What I'd like to get into here is what actually goes into defining that timeline, since it depends entirely on market competitiveness, type of practice, current technical baseline, and definition of "results." So I'd appreciate input from those with experience in SEO for lawyers and law firms with concrete data.
Specifically, what I'm after is information on timelines.
Technical baseline phase
At what point do technical improvements (site speed, crawlability, schemas, mobile optimization, etc.) begin to make an impact visible in Google Search Console analytics? 30-60 days? Unrealistic?
Content ranking phase
For a lawyer or law firm creating 2-4 practice-area related content pieces per month, at what point do long-tail articles begin ranking and making phone calls?
Local map pack phase
How long would realistically take to crack the map pack with a new optimization for a moderately competitive term ("family lawyer [city]")?
Competitive keyword phase
How realistic is it to rank within 12 months for highly competitive terms ("personal injury lawyer [major city]") when there are established companies that have been in operation for more than five years? Is there even any point, since those companies are basically invincible?
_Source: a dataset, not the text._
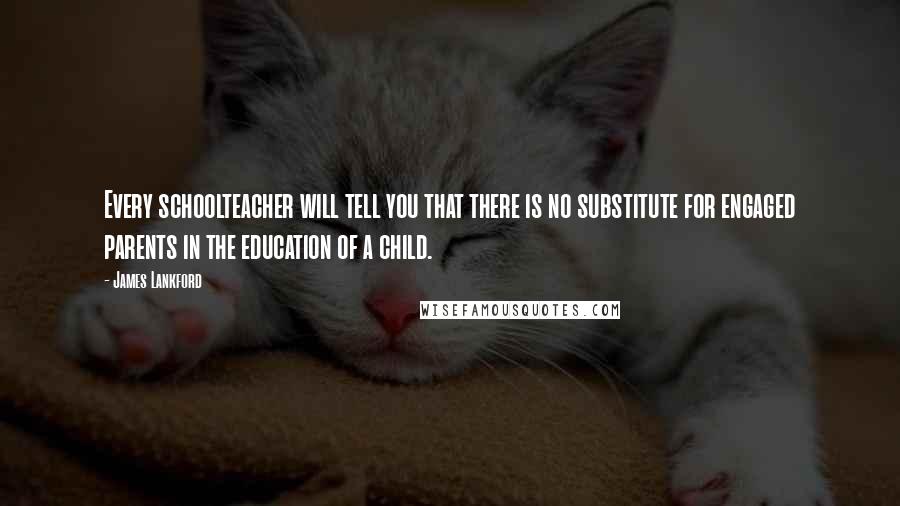 James Lankford Quotes: Every schoolteacher will tell you that there is no substitute for engaged parents in the education of a child.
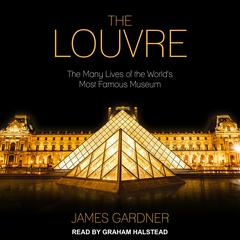 The Louvre by James Gardner audiobook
Specifically related to 2026: Has the AI search revolution altered the timeframes required?
Since AI Overviews are capturing the searches before they hit Google’s pages, does organic keyword ranking matter anymore? Are law firms tracking AI citations now as opposed to keywords?
What I am looking for in this thread:
Campaign data. Timelines of your actual experience doing campaigns for law firms – not agency predictions or theoreticals about what could happen.